This Gun for Hire is an early film noir that clearly influenced later films of a similar genre. Starring marque headliners of their day, Alan Ladd and Veronica Lake, this film is a surprisingly violent experience for its time period. Shot in black and white, the film is wonderfully lit, adding style as well as substance to it.

The film begins with a bang…literally, as hit-man Philip Raven (Ladd) murders a chemist and blackmailer in exchange for a hefty sum of loot. His wealthy boss double-crosses him and reports him to the Los Angeles Police department. Detective Michael Crane takes the case aided by his sexy girlfriend and nightclub singer Ellen Graham (Lake). Adding a wrench to the story is the tangled love affair that ensues between Ellen and Raven, who are the films main draw.
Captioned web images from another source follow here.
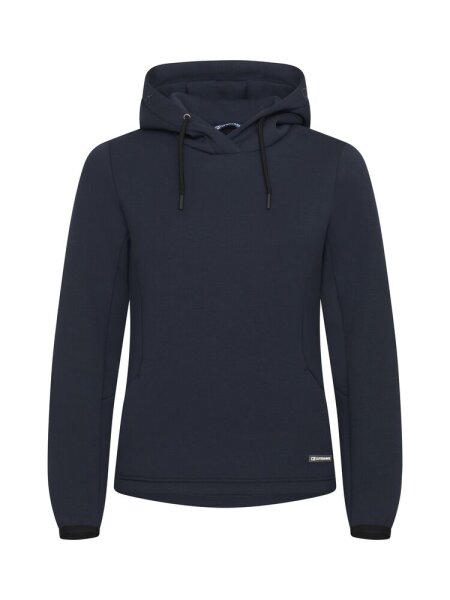 Cutter & Buck GC Maria Bildhausen Pemberton Hood Ladies Navy-Blue
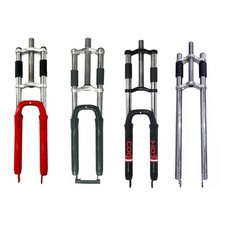 CDH Triple Tree Bicycle Fork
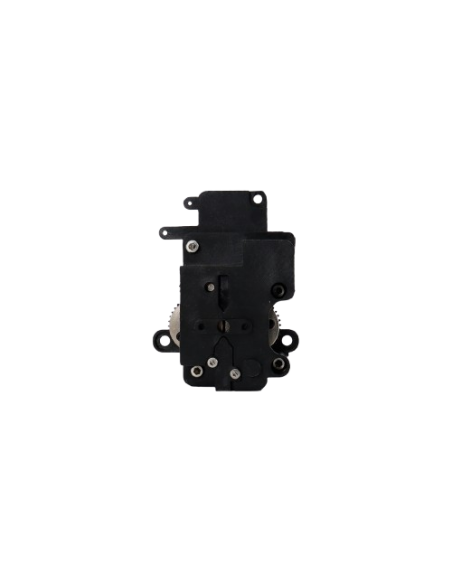 Q2 Extruder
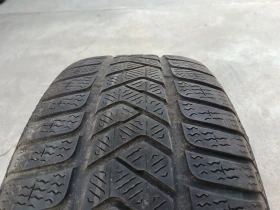 Гуми Зимни 235/55R17, снимка 14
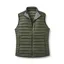 Rab Men's Microlight Vest Insulated Down Gilet Army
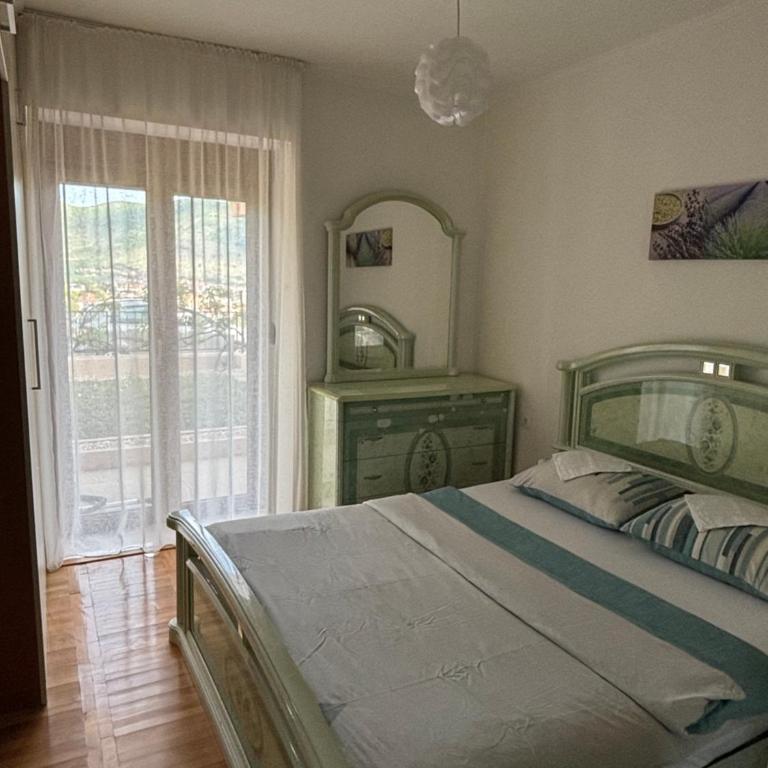 Apartman MM - Apartment mit 1 Schlafzimmer - 3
I loved the black and white shooting of this film, as many were in 1942, and found this only enhances the tone of the picture given that it is of crime/hit-man variety. The chemistry between Lake and Ladd smolders and Lake is great as a femme fatale with her long blonde locks and sultry pout. In fact, she was the inspiration for the character conceived for L.A. Confidential as Kim Basinger portrays a Veronica Lake look-alike. Ladd is brooding in his intensity as the hit-man with the damaged childhood and ultimately sympathetic personality.

The setting of San Francisco and L.A. is wonderfully perfect and adds depth as the warm and sunny locales are mixed in with murder, corruption, and shenanigans. Who wouldn’t make comparisons to Chinatown??

A flaw I found in the film and in which I found difficult to buy into is the implausibility of Ellen falling in love with Raven as he clearly tries to murder her-unsuccessfully so. This point seems  plot-driven and  a way to incorporate a mainstream love story amid the thrilling film noir. Surely, she would find satisfaction in a romantic sense with her detective boyfriend and since the duo has no conspicuous problems, the love between she and Raven is all the more inexplicable. Still- sparks do indeed fly on-screen.

An action packed crime affair, This Gun for Hire laid a crisp blueprint for film noir and hitmen, action types films for decades to come and I admire it for this reason.